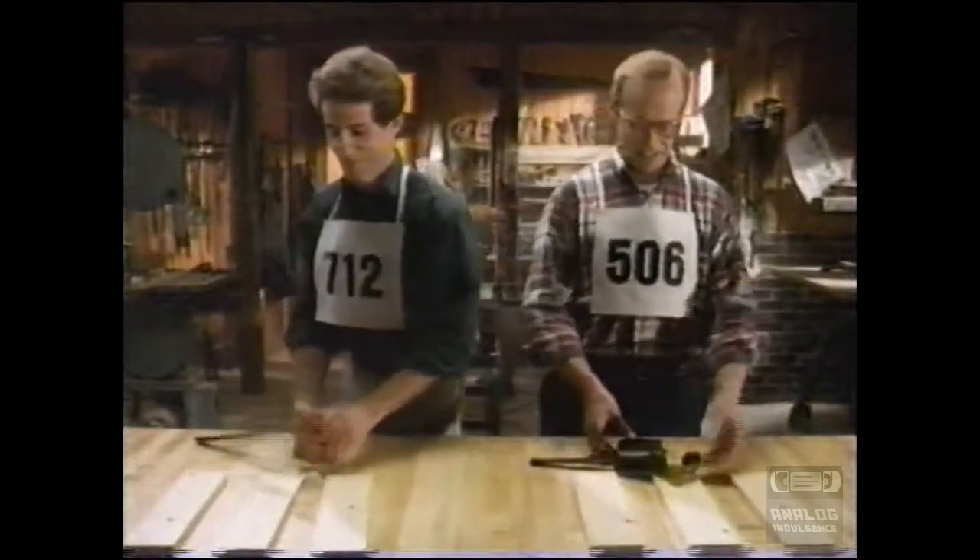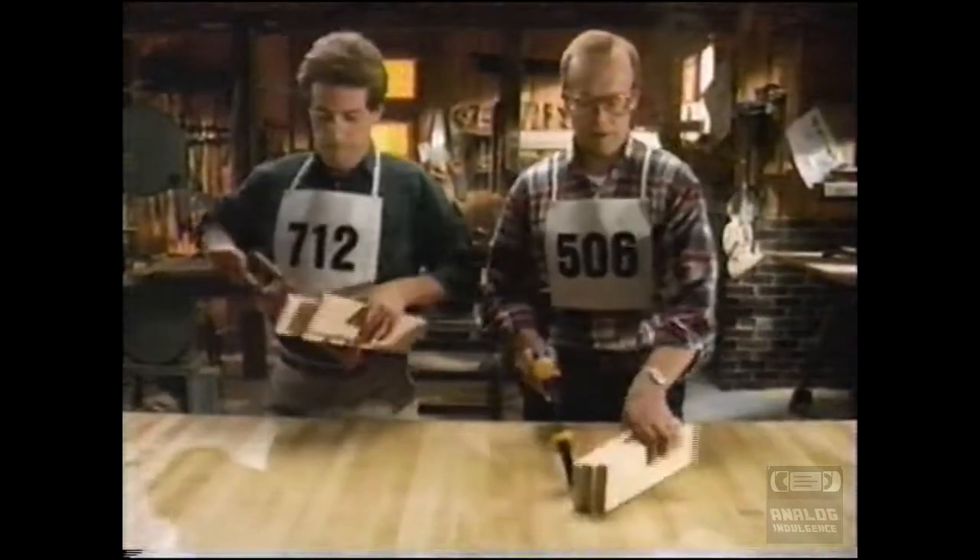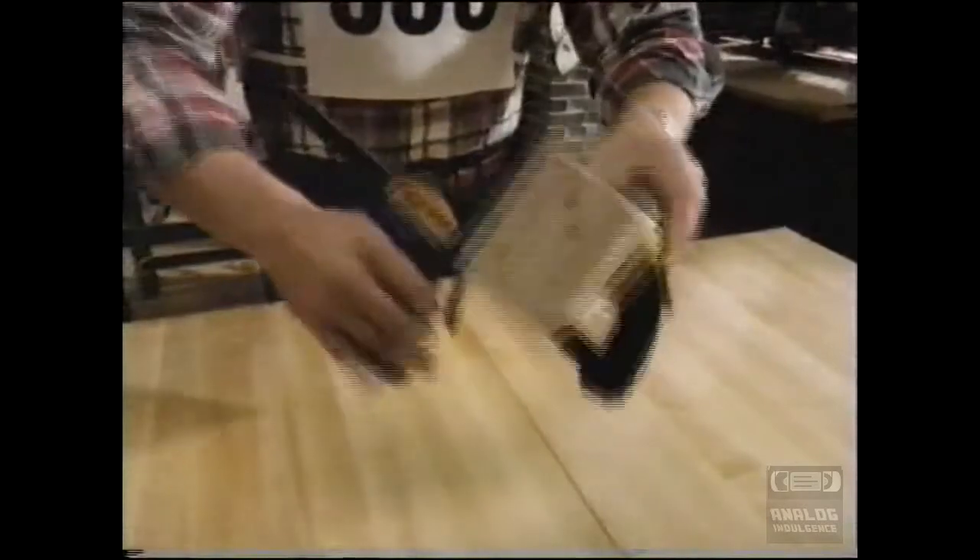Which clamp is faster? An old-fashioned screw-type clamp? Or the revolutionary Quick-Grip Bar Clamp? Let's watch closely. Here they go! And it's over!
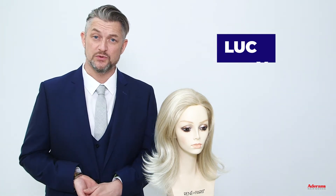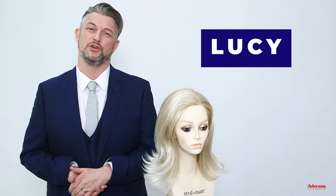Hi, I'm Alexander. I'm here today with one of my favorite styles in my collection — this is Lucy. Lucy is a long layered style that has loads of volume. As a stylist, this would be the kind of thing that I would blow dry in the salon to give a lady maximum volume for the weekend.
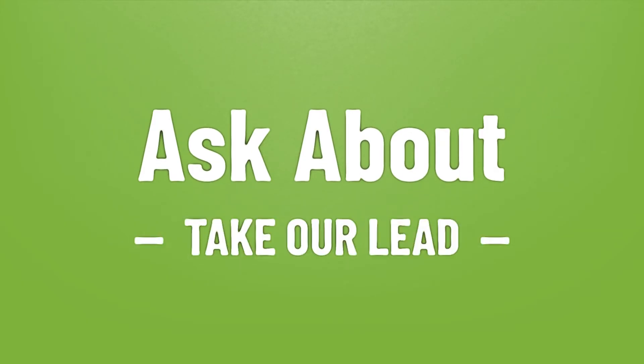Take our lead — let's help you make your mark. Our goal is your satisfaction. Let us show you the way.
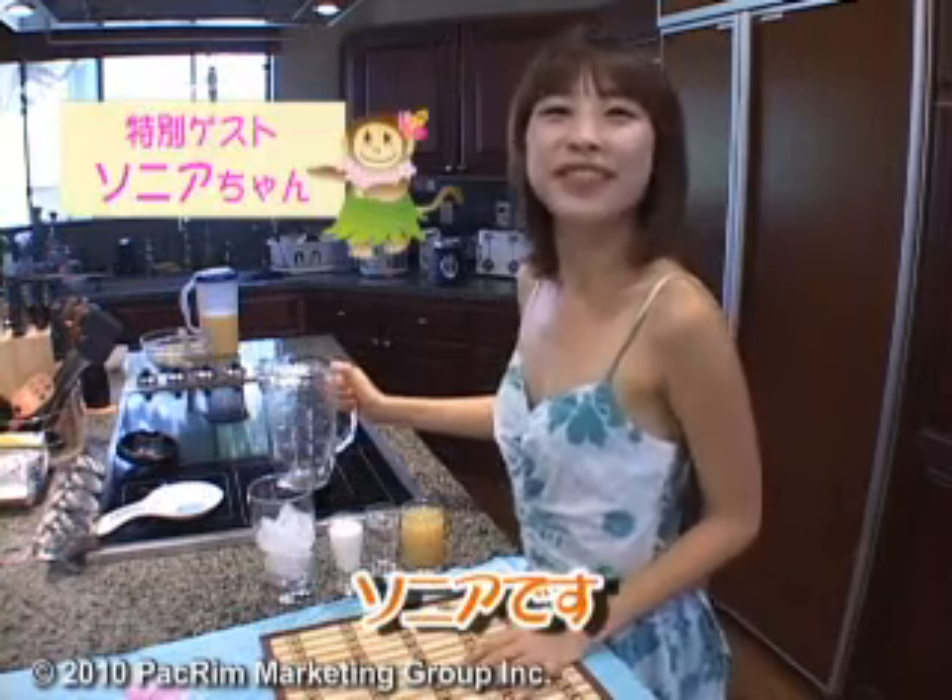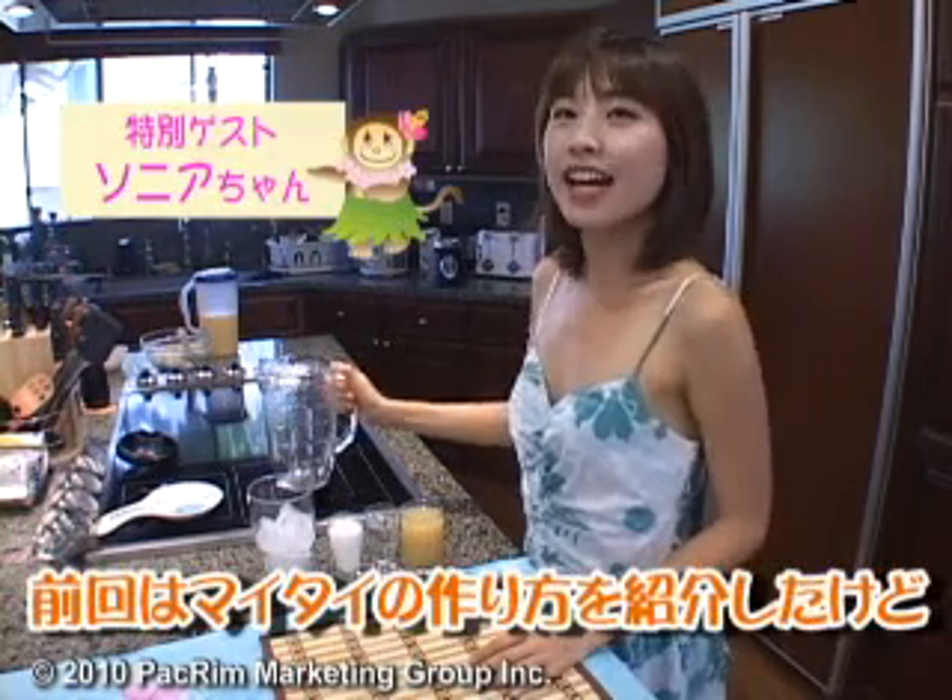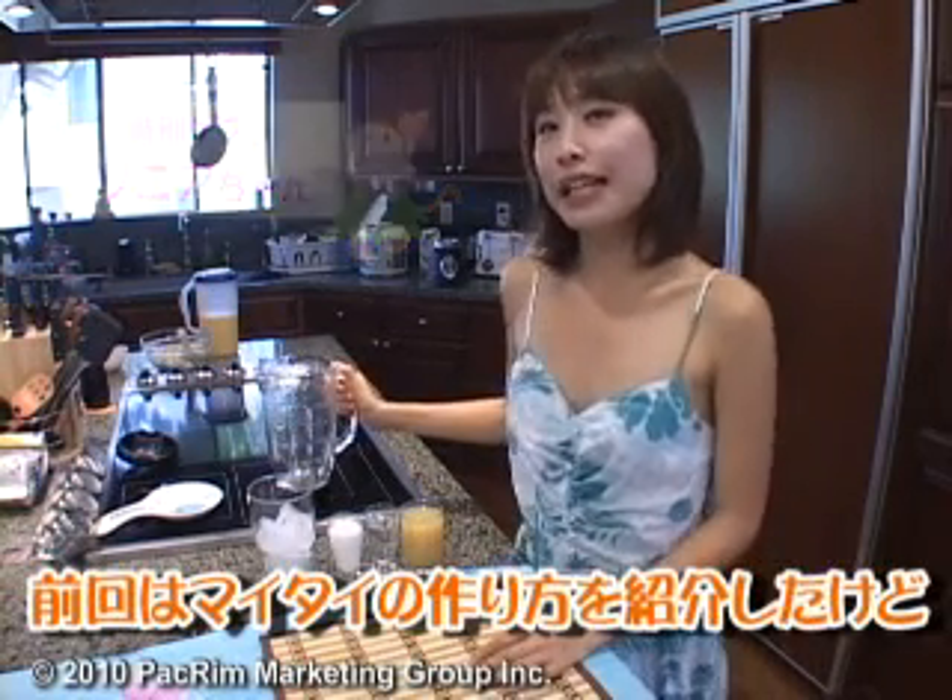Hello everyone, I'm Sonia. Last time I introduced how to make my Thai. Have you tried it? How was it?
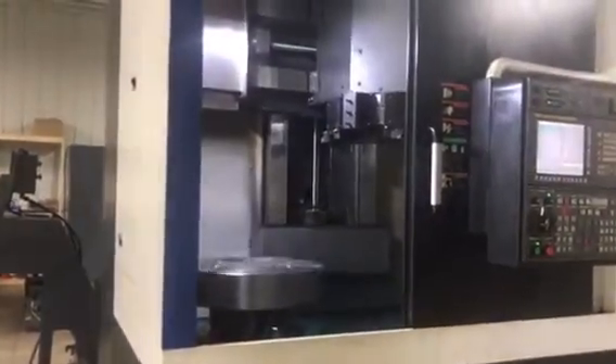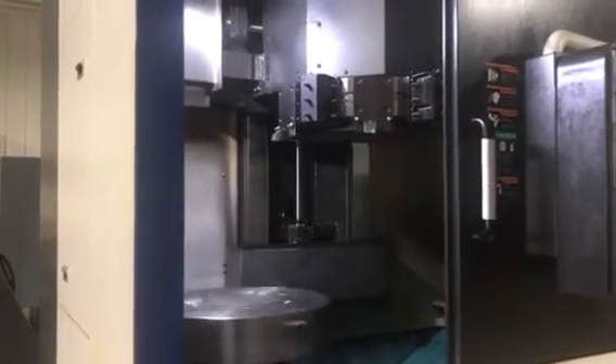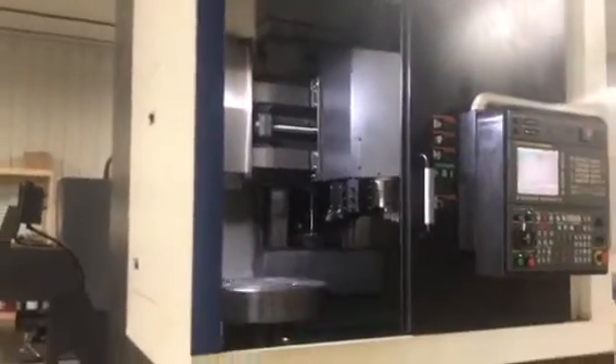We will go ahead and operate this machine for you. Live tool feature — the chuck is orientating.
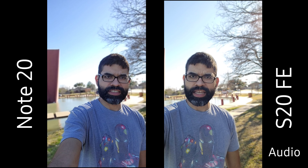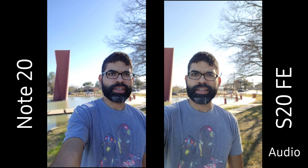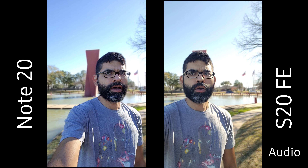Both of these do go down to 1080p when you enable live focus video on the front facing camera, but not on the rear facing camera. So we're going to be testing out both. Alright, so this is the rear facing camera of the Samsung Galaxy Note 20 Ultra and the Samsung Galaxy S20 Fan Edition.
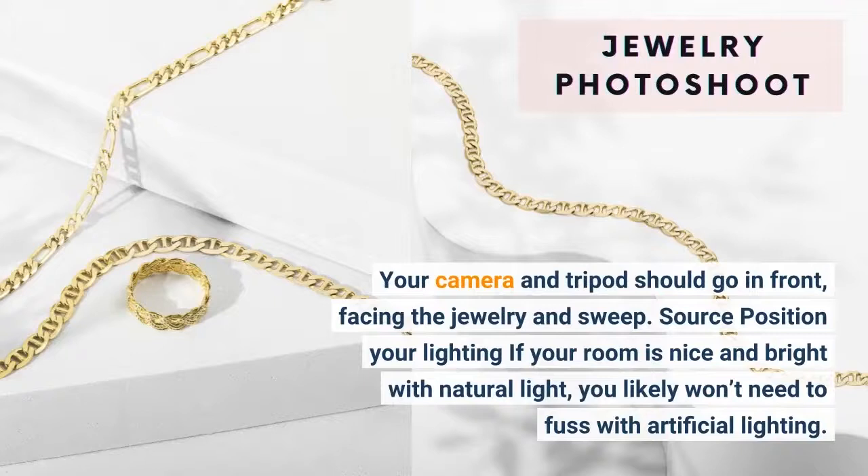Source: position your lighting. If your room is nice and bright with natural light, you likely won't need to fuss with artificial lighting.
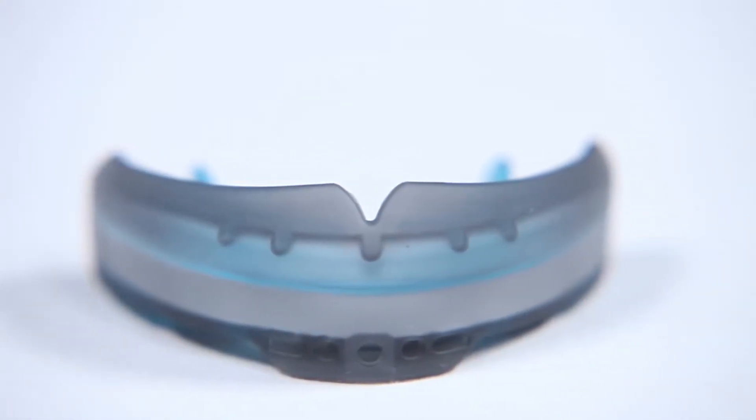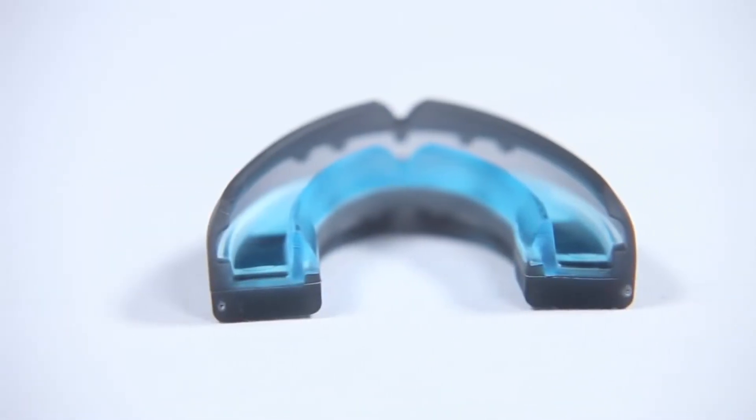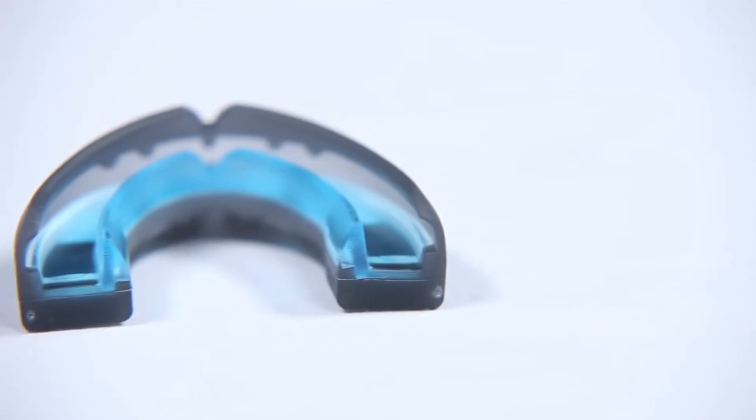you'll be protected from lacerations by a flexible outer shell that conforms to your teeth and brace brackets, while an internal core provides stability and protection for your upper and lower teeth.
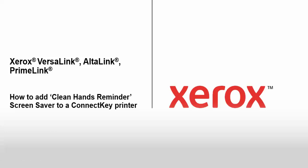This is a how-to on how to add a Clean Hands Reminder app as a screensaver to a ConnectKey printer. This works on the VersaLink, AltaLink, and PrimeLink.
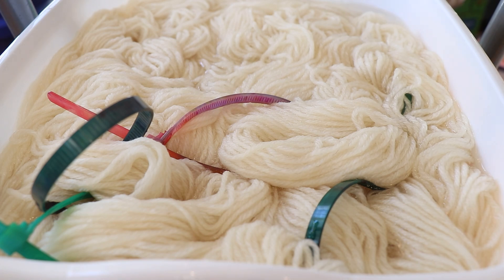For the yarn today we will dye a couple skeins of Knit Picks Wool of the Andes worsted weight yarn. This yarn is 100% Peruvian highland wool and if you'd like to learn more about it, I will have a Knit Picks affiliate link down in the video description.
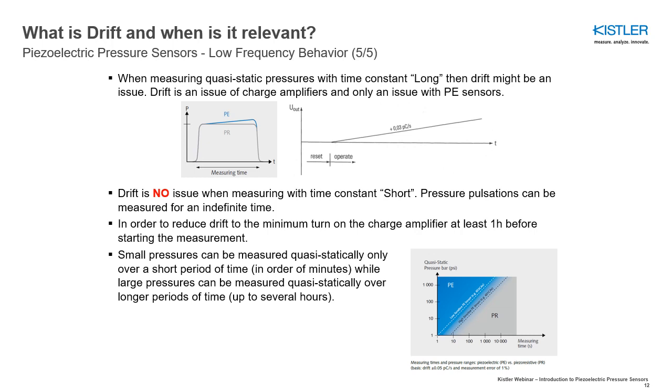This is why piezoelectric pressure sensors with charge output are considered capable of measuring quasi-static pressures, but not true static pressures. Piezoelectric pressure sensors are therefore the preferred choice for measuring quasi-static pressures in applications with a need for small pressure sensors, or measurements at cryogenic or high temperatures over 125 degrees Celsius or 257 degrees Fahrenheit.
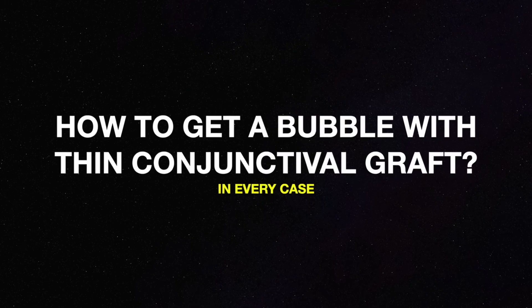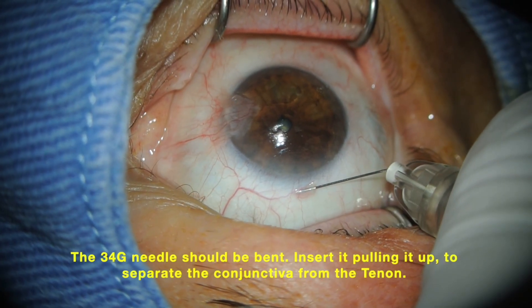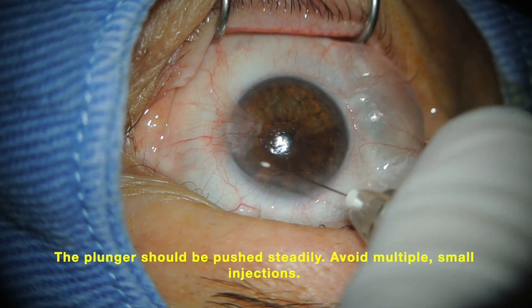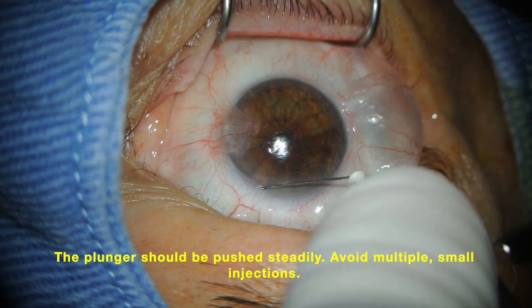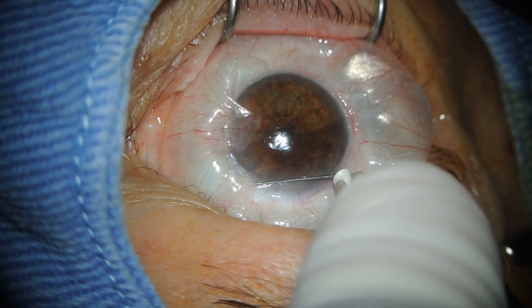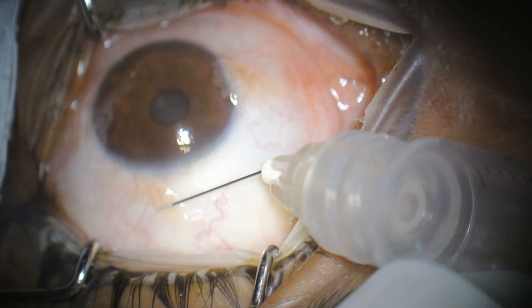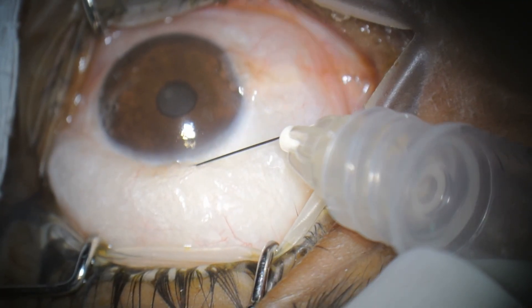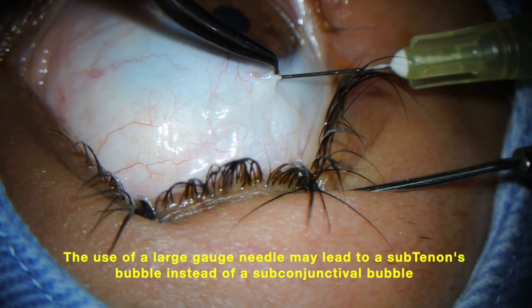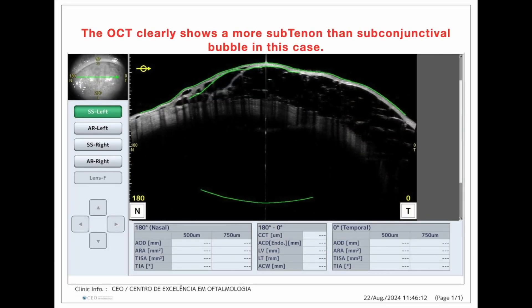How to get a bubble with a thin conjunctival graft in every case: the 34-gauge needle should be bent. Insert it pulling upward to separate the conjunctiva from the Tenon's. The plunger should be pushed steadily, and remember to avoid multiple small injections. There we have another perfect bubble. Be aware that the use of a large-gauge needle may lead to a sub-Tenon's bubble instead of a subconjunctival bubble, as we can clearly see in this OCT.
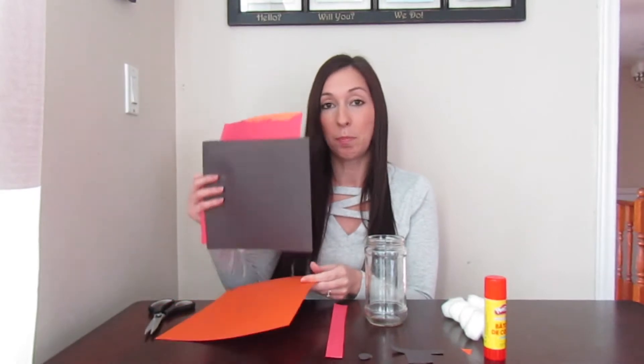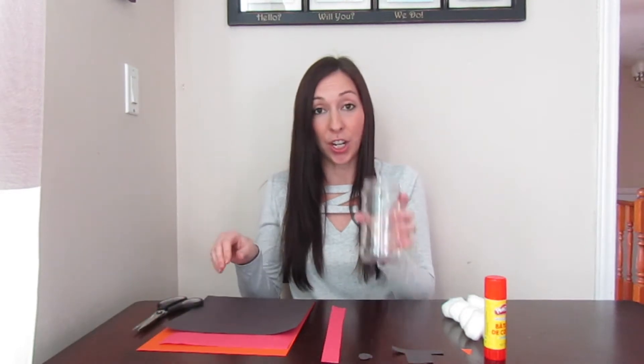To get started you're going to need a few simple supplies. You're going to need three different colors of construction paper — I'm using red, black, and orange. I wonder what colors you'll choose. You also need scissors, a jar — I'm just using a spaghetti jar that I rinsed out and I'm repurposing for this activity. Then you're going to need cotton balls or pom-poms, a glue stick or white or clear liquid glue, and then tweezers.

■ **Brief**
Output the data exactly as it appears. The pictures do not belong in it.

■ **Solved exercise**
Which clamp is faster? An old-fashioned screw-type clamp? Or the revolutionary Quick-Grip Bar Clamp? Let's watch closely. Here they go! And it's over!
Hi, I'm Alexander. I'm here today with one of my favorite styles in my collection — this is Lucy. Lucy is a long layered style that has loads of volume. As a stylist, this would be the kind of thing that I would blow dry in the salon to give a lady maximum volume for the weekend.
Take our lead — let's help you make your mark. Our goal is your satisfaction. Let us show you the way.
Hello everyone, I'm Sonia. Last time I introduced how to make my Thai. Have you tried it? How was it?
We will go ahead and operate this machine for you. Live tool feature — the chuck is orientating.
Both of these do go down to 1080p when you enable live focus video on the front facing camera, but not on the rear facing camera. So we're going to be testing out both. Alright, so this is the rear facing camera of the Samsung Galaxy Note 20 Ultra and the Samsung Galaxy S20 Fan Edition.
Source: position your lighting. If your room is nice and bright with natural light, you likely won't need to fuss with artificial lighting.
you'll be protected from lacerations by a flexible outer shell that conforms to your teeth and brace brackets, while an internal core provides stability and protection for your upper and lower teeth.
This is a how-to on how to add a Clean Hands Reminder app as a screensaver to a ConnectKey printer. This works on the VersaLink, AltaLink, and PrimeLink.
For the yarn today we will dye a couple skeins of Knit Picks Wool of the Andes worsted weight yarn. This yarn is 100% Peruvian highland wool and if you'd like to learn more about it, I will have a Knit Picks affiliate link down in the video description.
This is why piezoelectric pressure sensors with charge output are considered capable of measuring quasi-static pressures, but not true static pressures. Piezoelectric pressure sensors are therefore the preferred choice for measuring quasi-static pressures in applications with a need for small pressure sensors, or measurements at cryogenic or high temperatures over 125 degrees Celsius or 257 degrees Fahrenheit.
How to get a bubble with a thin conjunctival graft in every case: the 34-gauge needle should be bent. Insert it pulling upward to separate the conjunctiva from the Tenon's. The plunger should be pushed steadily, and remember to avoid multiple small injections. There we have another perfect bubble. Be aware that the use of a large-gauge needle may lead to a sub-Tenon's bubble instead of a subconjunctival bubble, as we can clearly see in this OCT.
To get started you're going to need a few simple supplies. You're going to need three different colors of construction paper — I'm using red, black, and orange. I wonder what colors you'll choose. You also need scissors, a jar — I'm just using a spaghetti jar that I rinsed out and I'm repurposing for this activity. Then you're going to need cotton balls or pom-poms, a glue stick or white or clear liquid glue, and then tweezers.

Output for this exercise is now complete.